The problem: Give again, word for word, every line in the entries below from the line with "Labyrinth Lace Maxi Dress - Cherry" up to and including the line with "Soild Color Headband", and no other line.

#####

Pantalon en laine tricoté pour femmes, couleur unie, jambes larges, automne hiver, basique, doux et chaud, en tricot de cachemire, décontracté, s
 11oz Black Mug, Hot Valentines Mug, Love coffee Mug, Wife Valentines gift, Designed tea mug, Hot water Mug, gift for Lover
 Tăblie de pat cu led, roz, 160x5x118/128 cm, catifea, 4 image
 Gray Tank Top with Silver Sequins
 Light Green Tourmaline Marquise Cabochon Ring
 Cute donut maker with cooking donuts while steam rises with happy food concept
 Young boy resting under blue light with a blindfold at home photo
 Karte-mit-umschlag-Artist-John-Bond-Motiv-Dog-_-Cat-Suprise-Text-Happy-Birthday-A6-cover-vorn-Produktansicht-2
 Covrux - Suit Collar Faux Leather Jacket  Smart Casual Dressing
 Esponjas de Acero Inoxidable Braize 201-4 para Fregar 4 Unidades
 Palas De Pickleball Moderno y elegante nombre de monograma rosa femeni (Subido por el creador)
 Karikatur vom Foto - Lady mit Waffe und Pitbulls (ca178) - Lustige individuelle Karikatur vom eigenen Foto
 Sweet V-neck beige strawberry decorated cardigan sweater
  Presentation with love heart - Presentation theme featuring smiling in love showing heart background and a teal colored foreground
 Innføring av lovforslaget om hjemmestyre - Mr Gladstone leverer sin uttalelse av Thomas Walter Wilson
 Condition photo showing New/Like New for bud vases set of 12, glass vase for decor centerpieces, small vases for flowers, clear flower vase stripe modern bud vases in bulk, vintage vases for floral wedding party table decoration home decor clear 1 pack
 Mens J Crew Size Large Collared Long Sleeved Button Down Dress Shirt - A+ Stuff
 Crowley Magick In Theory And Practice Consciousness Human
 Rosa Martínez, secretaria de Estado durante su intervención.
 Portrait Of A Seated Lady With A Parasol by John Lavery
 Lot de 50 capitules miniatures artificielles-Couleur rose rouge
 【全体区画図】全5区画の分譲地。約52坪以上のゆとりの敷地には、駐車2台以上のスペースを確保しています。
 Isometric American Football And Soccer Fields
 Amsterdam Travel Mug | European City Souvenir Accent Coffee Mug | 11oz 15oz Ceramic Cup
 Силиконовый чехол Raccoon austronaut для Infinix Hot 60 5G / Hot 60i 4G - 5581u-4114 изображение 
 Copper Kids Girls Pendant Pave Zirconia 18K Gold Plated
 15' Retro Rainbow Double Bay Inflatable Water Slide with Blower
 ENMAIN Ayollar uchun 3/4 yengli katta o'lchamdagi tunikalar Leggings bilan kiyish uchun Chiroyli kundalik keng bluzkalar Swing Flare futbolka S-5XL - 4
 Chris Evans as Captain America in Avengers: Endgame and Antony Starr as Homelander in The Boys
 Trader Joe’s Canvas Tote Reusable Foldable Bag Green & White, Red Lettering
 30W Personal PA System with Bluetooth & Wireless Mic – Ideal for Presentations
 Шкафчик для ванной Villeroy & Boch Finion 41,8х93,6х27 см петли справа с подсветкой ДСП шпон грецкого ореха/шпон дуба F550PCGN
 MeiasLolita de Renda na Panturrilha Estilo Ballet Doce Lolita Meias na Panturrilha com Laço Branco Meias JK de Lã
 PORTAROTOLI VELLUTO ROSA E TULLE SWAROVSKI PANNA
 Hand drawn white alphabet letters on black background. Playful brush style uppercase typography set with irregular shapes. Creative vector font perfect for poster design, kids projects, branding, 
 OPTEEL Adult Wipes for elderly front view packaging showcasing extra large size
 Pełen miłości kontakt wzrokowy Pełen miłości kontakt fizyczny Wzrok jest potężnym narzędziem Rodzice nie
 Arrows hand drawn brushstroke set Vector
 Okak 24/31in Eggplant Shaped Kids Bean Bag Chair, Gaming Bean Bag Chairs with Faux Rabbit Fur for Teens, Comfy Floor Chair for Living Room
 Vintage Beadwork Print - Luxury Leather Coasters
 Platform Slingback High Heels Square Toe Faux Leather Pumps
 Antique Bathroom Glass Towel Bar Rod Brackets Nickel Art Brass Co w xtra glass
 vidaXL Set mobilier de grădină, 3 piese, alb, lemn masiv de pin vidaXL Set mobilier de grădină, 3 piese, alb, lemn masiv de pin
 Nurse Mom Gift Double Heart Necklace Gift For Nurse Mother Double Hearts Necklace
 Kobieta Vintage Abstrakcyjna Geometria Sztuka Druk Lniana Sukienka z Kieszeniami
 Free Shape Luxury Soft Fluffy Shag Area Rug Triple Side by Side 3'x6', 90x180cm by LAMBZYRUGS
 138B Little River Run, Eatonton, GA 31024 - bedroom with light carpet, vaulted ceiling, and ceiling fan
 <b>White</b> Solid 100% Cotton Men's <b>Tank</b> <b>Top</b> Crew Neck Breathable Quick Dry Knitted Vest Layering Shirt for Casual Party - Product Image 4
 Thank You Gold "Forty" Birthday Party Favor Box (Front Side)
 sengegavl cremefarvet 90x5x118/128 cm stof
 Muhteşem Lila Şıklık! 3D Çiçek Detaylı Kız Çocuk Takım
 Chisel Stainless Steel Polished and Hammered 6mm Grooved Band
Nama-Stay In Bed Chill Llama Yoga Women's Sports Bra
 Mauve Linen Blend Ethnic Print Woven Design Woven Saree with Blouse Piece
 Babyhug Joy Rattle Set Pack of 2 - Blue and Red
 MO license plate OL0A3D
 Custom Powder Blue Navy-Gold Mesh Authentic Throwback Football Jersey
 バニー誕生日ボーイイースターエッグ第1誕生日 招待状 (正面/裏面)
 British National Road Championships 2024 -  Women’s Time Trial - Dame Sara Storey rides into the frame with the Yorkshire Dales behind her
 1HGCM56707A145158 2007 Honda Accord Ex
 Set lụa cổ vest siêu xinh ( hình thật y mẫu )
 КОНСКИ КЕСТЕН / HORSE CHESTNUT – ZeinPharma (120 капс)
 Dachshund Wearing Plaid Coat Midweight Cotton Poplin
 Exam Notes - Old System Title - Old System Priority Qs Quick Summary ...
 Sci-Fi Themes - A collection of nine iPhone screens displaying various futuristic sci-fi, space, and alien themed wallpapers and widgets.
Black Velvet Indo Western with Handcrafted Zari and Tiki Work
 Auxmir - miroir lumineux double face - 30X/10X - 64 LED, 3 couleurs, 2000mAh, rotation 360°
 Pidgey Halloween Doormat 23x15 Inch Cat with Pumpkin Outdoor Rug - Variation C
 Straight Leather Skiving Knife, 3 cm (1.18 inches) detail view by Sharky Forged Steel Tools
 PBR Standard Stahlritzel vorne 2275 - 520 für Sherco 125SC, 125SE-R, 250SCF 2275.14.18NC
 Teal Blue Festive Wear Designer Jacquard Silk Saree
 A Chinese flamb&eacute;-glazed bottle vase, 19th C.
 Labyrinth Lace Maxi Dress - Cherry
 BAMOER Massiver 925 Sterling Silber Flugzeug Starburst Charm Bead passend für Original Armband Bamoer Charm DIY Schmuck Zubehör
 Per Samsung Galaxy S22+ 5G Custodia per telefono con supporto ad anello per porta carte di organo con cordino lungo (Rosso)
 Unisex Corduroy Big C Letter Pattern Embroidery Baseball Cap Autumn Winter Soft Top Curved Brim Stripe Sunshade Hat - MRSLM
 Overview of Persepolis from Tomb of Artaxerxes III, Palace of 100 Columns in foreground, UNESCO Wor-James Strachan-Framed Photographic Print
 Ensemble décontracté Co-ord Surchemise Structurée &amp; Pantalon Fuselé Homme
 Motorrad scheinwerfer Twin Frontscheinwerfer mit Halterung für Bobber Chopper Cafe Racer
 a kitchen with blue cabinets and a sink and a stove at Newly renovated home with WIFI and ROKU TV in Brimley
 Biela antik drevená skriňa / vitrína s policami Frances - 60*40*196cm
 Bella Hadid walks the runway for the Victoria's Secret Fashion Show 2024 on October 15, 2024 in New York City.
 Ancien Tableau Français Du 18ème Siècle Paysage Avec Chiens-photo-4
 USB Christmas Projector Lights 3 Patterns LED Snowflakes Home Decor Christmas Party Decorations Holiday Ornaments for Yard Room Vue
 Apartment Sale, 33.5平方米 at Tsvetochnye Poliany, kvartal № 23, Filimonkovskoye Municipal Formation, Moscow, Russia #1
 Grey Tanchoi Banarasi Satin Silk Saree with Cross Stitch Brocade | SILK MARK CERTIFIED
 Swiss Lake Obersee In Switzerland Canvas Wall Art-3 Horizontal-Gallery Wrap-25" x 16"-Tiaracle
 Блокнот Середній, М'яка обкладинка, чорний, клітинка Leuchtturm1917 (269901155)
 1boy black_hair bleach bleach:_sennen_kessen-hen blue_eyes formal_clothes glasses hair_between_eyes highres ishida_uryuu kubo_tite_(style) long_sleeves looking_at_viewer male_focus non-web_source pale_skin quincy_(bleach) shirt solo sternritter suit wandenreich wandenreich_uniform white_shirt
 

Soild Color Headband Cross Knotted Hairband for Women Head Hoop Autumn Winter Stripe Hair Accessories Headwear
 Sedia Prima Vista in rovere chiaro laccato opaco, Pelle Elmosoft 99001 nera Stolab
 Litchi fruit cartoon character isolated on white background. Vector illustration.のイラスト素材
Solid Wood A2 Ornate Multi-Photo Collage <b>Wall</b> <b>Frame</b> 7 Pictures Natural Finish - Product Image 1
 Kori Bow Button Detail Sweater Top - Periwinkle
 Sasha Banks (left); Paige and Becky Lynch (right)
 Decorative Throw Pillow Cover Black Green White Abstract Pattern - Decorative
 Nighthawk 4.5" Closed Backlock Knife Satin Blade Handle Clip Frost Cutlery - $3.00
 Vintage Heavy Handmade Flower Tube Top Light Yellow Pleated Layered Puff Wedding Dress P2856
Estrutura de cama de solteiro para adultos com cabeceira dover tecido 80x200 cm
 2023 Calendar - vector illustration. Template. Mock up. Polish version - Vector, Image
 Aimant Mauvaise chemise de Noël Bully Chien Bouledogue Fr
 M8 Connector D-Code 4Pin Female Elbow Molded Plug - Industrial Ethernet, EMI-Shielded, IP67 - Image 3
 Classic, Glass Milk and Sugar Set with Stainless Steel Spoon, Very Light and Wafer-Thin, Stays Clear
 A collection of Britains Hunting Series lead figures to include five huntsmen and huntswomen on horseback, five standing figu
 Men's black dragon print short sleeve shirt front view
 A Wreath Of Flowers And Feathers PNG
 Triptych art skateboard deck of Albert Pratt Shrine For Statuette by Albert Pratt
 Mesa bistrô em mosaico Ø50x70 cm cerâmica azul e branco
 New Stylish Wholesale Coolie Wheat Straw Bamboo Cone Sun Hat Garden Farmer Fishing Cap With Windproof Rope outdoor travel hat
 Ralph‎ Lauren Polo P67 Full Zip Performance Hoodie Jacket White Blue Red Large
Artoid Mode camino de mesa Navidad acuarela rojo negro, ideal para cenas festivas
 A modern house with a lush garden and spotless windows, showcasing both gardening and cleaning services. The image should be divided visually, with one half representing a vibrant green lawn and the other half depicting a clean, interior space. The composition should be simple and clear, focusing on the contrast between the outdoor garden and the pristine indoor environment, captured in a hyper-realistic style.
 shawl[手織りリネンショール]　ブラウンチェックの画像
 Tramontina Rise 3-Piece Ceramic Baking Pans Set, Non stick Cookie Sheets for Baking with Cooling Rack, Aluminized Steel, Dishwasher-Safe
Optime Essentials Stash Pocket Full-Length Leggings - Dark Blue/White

#####

Solution to this exercise:
 Labyrinth Lace Maxi Dress - Cherry
 BAMOER Massiver 925 Sterling Silber Flugzeug Starburst Charm Bead passend für Original Armband Bamoer Charm DIY Schmuck Zubehör
 Per Samsung Galaxy S22+ 5G Custodia per telefono con supporto ad anello per porta carte di organo con cordino lungo (Rosso)
 Unisex Corduroy Big C Letter Pattern Embroidery Baseball Cap Autumn Winter Soft Top Curved Brim Stripe Sunshade Hat - MRSLM
 Overview of Persepolis from Tomb of Artaxerxes III, Palace of 100 Columns in foreground, UNESCO Wor-James Strachan-Framed Photographic Print
 Ensemble décontracté Co-ord Surchemise Structurée &amp; Pantalon Fuselé Homme
 Motorrad scheinwerfer Twin Frontscheinwerfer mit Halterung für Bobber Chopper Cafe Racer
 a kitchen with blue cabinets and a sink and a stove at Newly renovated home with WIFI and ROKU TV in Brimley
 Biela antik drevená skriňa / vitrína s policami Frances - 60*40*196cm
 Bella Hadid walks the runway for the Victoria's Secret Fashion Show 2024 on October 15, 2024 in New York City.
 Ancien Tableau Français Du 18ème Siècle Paysage Avec Chiens-photo-4
 USB Christmas Projector Lights 3 Patterns LED Snowflakes Home Decor Christmas Party Decorations Holiday Ornaments for Yard Room Vue
 Apartment Sale, 33.5平方米 at Tsvetochnye Poliany, kvartal № 23, Filimonkovskoye Municipal Formation, Moscow, Russia #1
 Grey Tanchoi Banarasi Satin Silk Saree with Cross Stitch Brocade | SILK MARK CERTIFIED
 Swiss Lake Obersee In Switzerland Canvas Wall Art-3 Horizontal-Gallery Wrap-25" x 16"-Tiaracle
 Блокнот Середній, М'яка обкладинка, чорний, клітинка Leuchtturm1917 (269901155)
 1boy black_hair bleach bleach:_sennen_kessen-hen blue_eyes formal_clothes glasses hair_between_eyes highres ishida_uryuu kubo_tite_(style) long_sleeves looking_at_viewer male_focus non-web_source pale_skin quincy_(bleach) shirt solo sternritter suit wandenreich wandenreich_uniform white_shirt
 

Soild Color Headband Cross Knotted Hairband for Women Head Hoop Autumn Winter Stripe Hair Accessories Headwear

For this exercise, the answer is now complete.